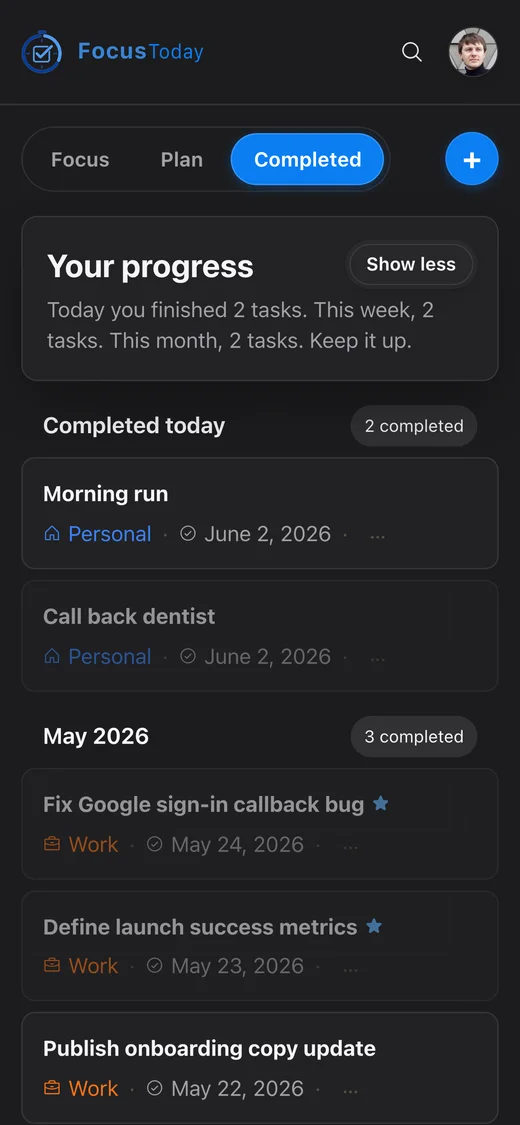 Completed tab showing finished tasks grouped by month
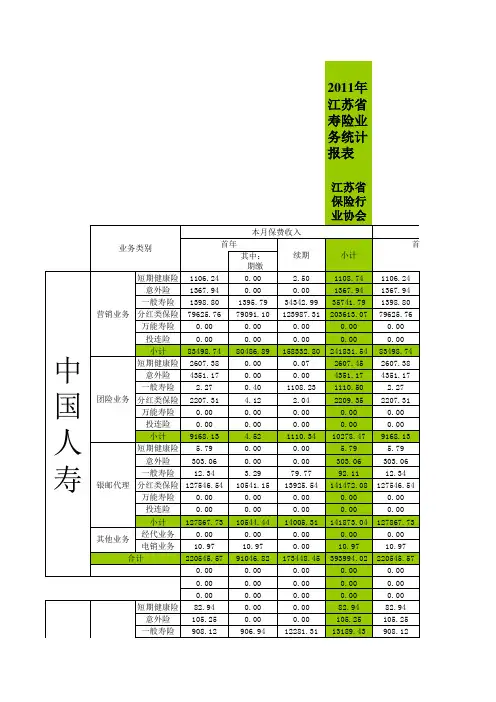 行业协会报表1101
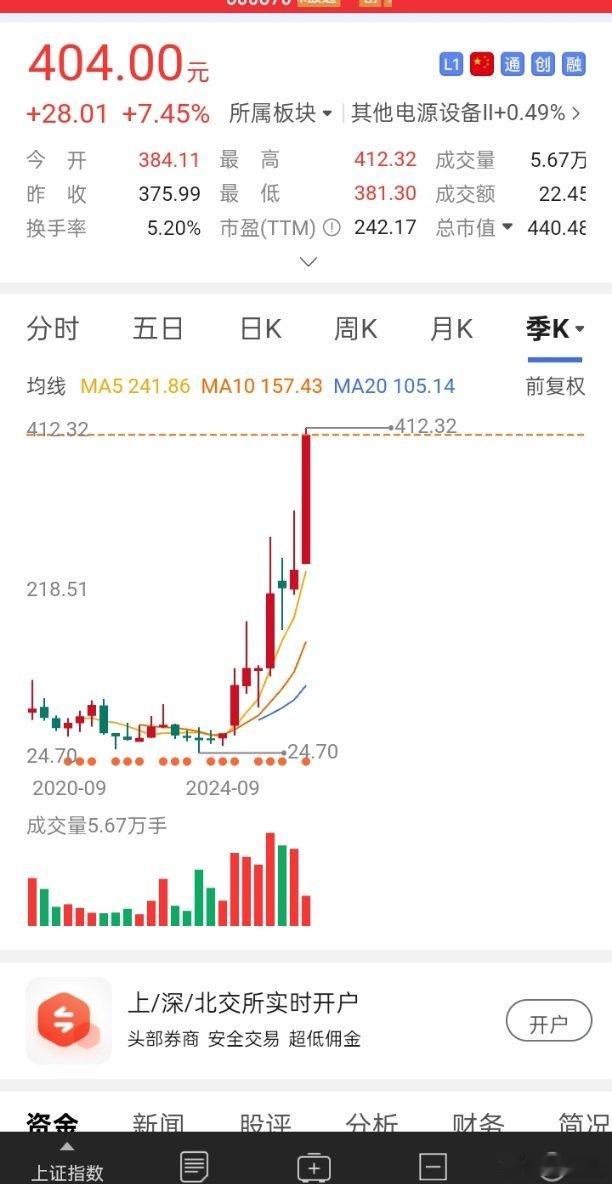 这种票绝对100%能上500。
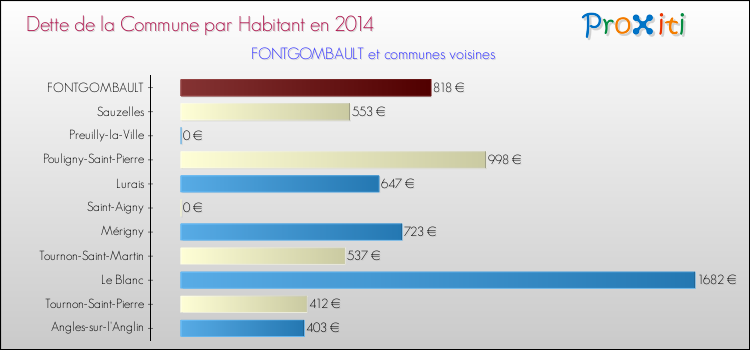 Dette par habitant de la commune en 2014 pour FONTGOMBAULT et les communes proches Comparaison de la dette par habitant de la commune en 2014 pour FONTGOMBAULT et les communes voisines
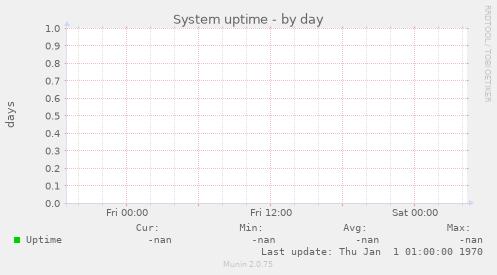 System uptime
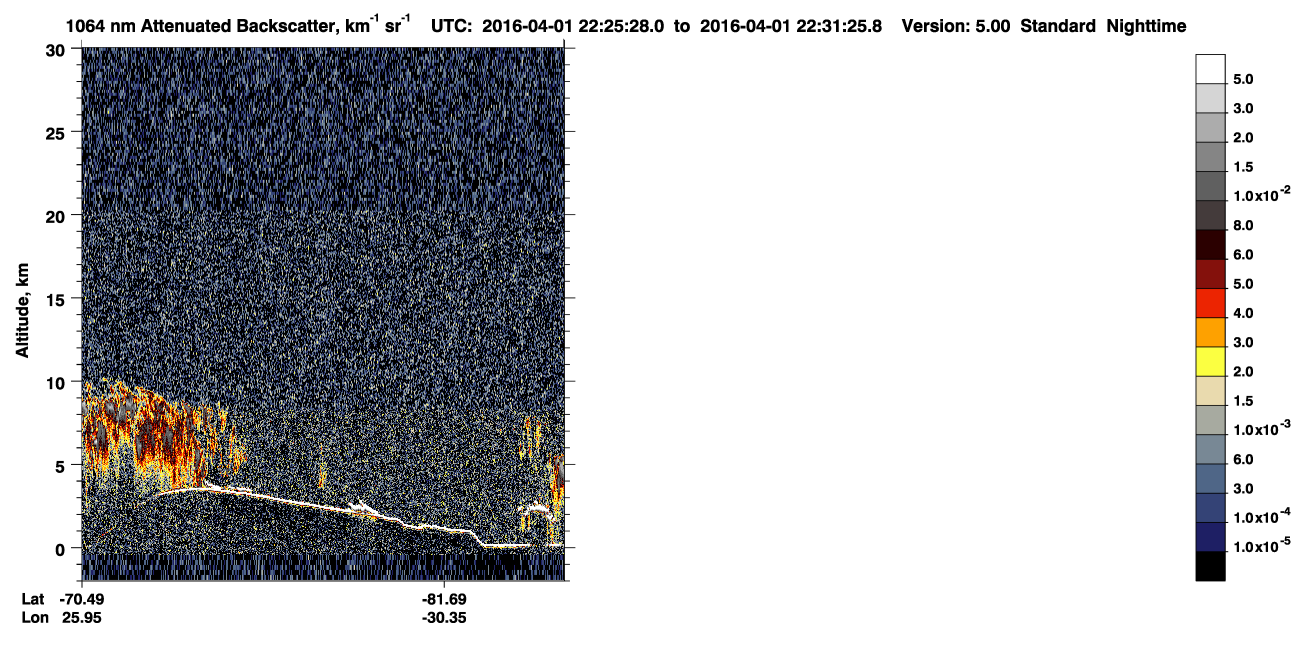 /calipso-imagery/data/BROWSE/production/V5-00/2016-04-01/2016-04-01_21-45-01_V5.00_4_4_CVDcolormap.png image missing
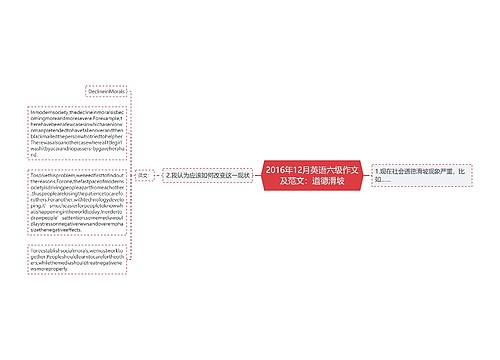 2016年12月英语六级作文及范文：道德滑坡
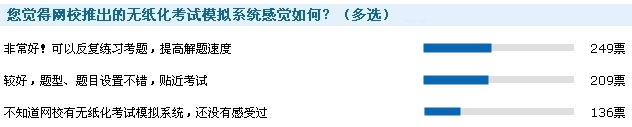 2016年中级会计职称考后调查问卷数据统计结果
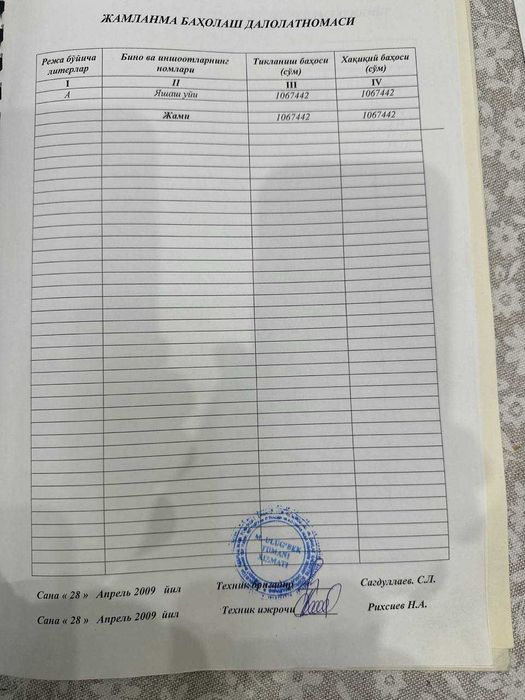 Продаётся квартира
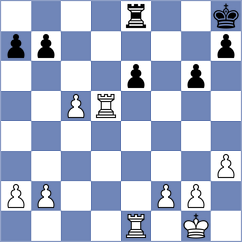 Cieslak - Tang (chess.com INT, 2024)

------------------------

Exercise:
A verbatim copy of the data, with all pictures omitted, is the required output.

Answer space:
 Completed tab showing finished tasks grouped by month
 行业协会报表1101
 这种票绝对100%能上500。
 Dette par habitant de la commune en 2014 pour FONTGOMBAULT et les communes proches Comparaison de la dette par habitant de la commune en 2014 pour FONTGOMBAULT et les communes voisines
 System uptime
 /calipso-imagery/data/BROWSE/production/V5-00/2016-04-01/2016-04-01_21-45-01_V5.00_4_4_CVDcolormap.png image missing
 2016年12月英语六级作文及范文：道德滑坡
 2016年中级会计职称考后调查问卷数据统计结果
 Продаётся квартира
 Cieslak - Tang (chess.com INT, 2024)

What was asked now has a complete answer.